Scott: What other jobs have you had, even odd jobs?

Brad: My favorite, I worked for four years in high school scooping ice cream.

Scott: Oh that’s great. Being from Ocean City I know exactly what that’s like.

Brad: Well tell me if you did this then. When a customer was a real jackass to you did you use your pinky to break off the bottom of their cone?

Scott: Oh my god yes. I would do that with sugar cones.

Brad: Right so then twenty feet away the ice cream would drip all over their shirt. That was my passive aggressive move.

Scott: Man, I’ve dealt with nasty nasty tourist before I would do that all the time. That’s funny to think you went from that to a world famous author. Actually, now that I think about it, do you have any advice for would-be-writers?

Brad: I had 24 people send me rejection letters. I had 24 people tell me not to write and that I should give it up. I don’t look back on it and say “I was right and you were wrong. Hahahah.” That’s a pig headed way to look at it. But what I take away from it is that in life there are exceptions. All I took me to eventually break in was for one person to say “yes.”  What I think every writer should do, is that they shouldn’t let anyone tell them, “no.” Life is completely subjective and its just one persons opinion. Its cliché, but you won’t ever reach your dreams if you don’t chase them.

Scott: Any advice on getting an agent?

Brad: I’ll spare you my full agent chaos story, but here is the best trick. Go find a book of someone who writes in your sense of humor, your tone, your sensibility, or whatever it is that you think it is and check the hardcover acknowledgments. You will see that they will all thank their agents and that’s how you get an agent.
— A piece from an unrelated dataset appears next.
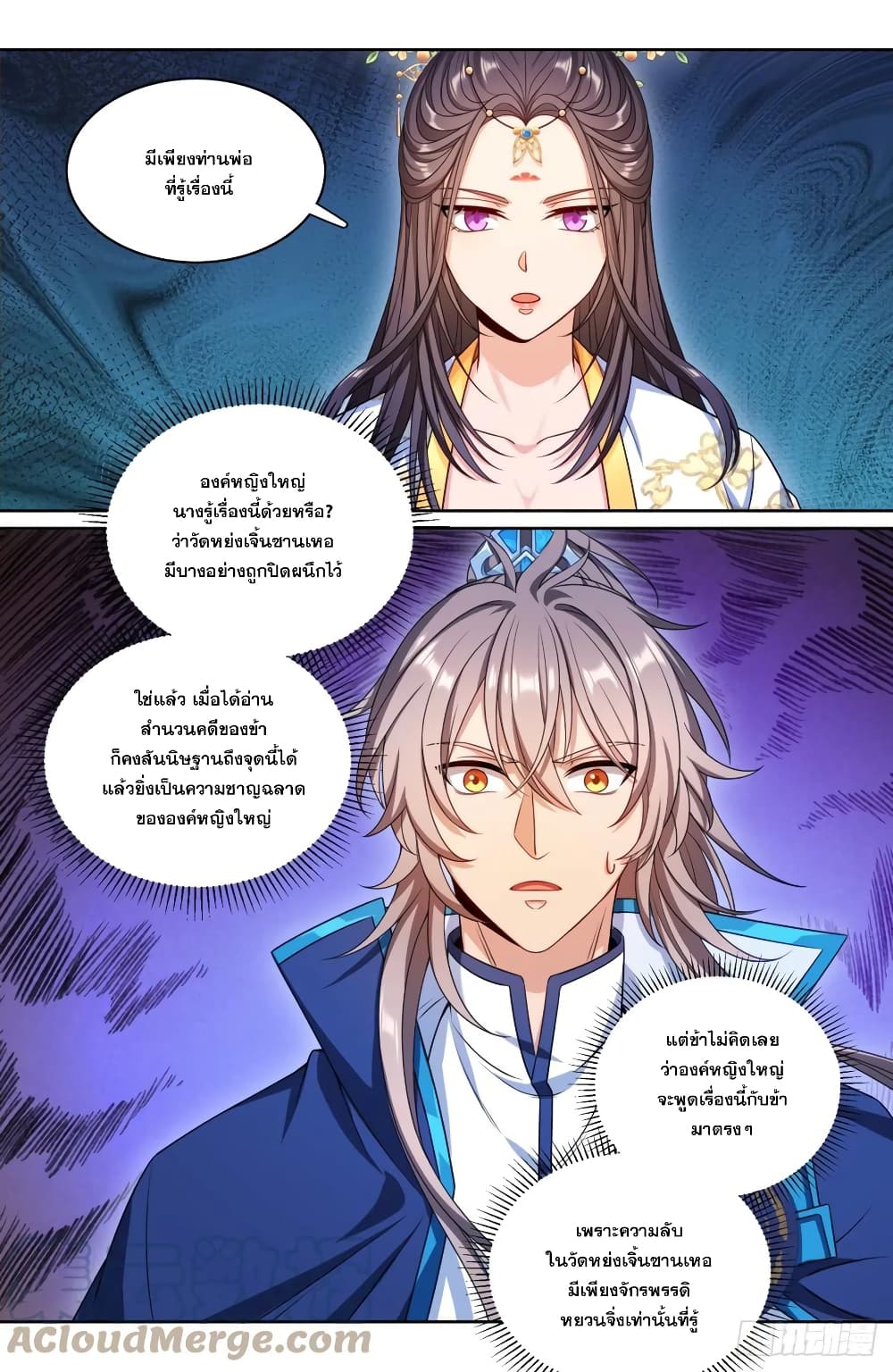 อ่านการ์ตูน Nightwatcher 155 ภาพที่ 15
That’s how you find agents who have good people working for them.

Scott: Why should readers pick up “The Book of Fate?”

Brad: Why should someone pick up any book? Good characters and good stories. That’s it. If I can’t say it’s a good story or say it’s going to keep you turning the pages then I didn’t do my job. I always say go to www.bradmelzter.com, my website, and read the first chapter. If I don’t have you by chapter one then I don’t deserve to have you for chapter two and I’ll always put my work where my mouth is and if I don’t have you then that’s it.
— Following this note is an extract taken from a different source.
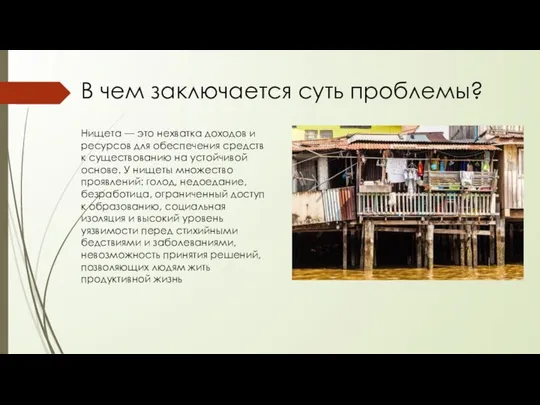 В чем заключается суть проблемы? Нищета — это нехватка доходов и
Scott: When is “Jack and Bobby” coming out on DVD?

Brad: Awww man. Everyone asks me that. I don’t know what they are doing. There was a point where they said they were doing it and now I’ve not heard anything. And once you get canceled I’m sure you go to the bottom of the priority list. The good side of that is that once you get canceled you get labeled a cult classic.  Even so, it was a fantastic and humbling experience. Unfortunately, only you and my mother watched.

Scott: Anything else you’d like to say about any of the topics we talked about?
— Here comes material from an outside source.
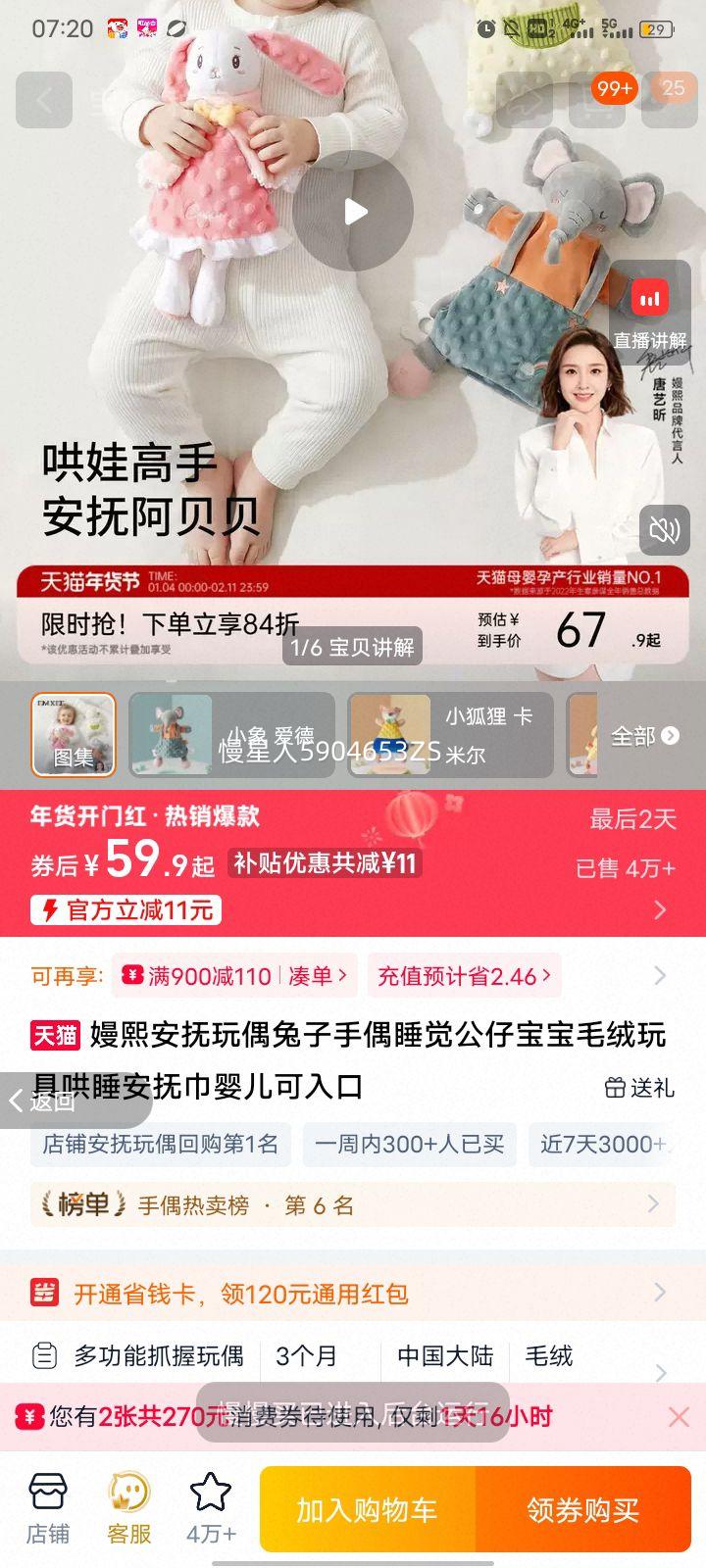 ���� ������ż������ż Ӥ�������ë����� ������˯�����Ż�֤��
Brad: No. I think that’s pretty much it. More importantly, thank you for reading the book. Anything I say is nonsense. What is important is what is between the covers. I would say, don’t believe the hype, the press kits they send you or anything I say. Just read the book and make up your mind. If you read the book, which you have, then nothing in this interview matters. I mean you know what I’m talking about. You saw the original galley for the back of the cover. You’re like “what the hell is that?” Even I was surprised by it.

Scott: Seriously. I was so worried it wasn’t going to be you.

Brad: Of course, but you’ll see now in the real version that its fixed. Nothing from that first galley was in the book. I got it and I was like, “What are you doing? I understand you think you got something here but you’re tricking the readers.”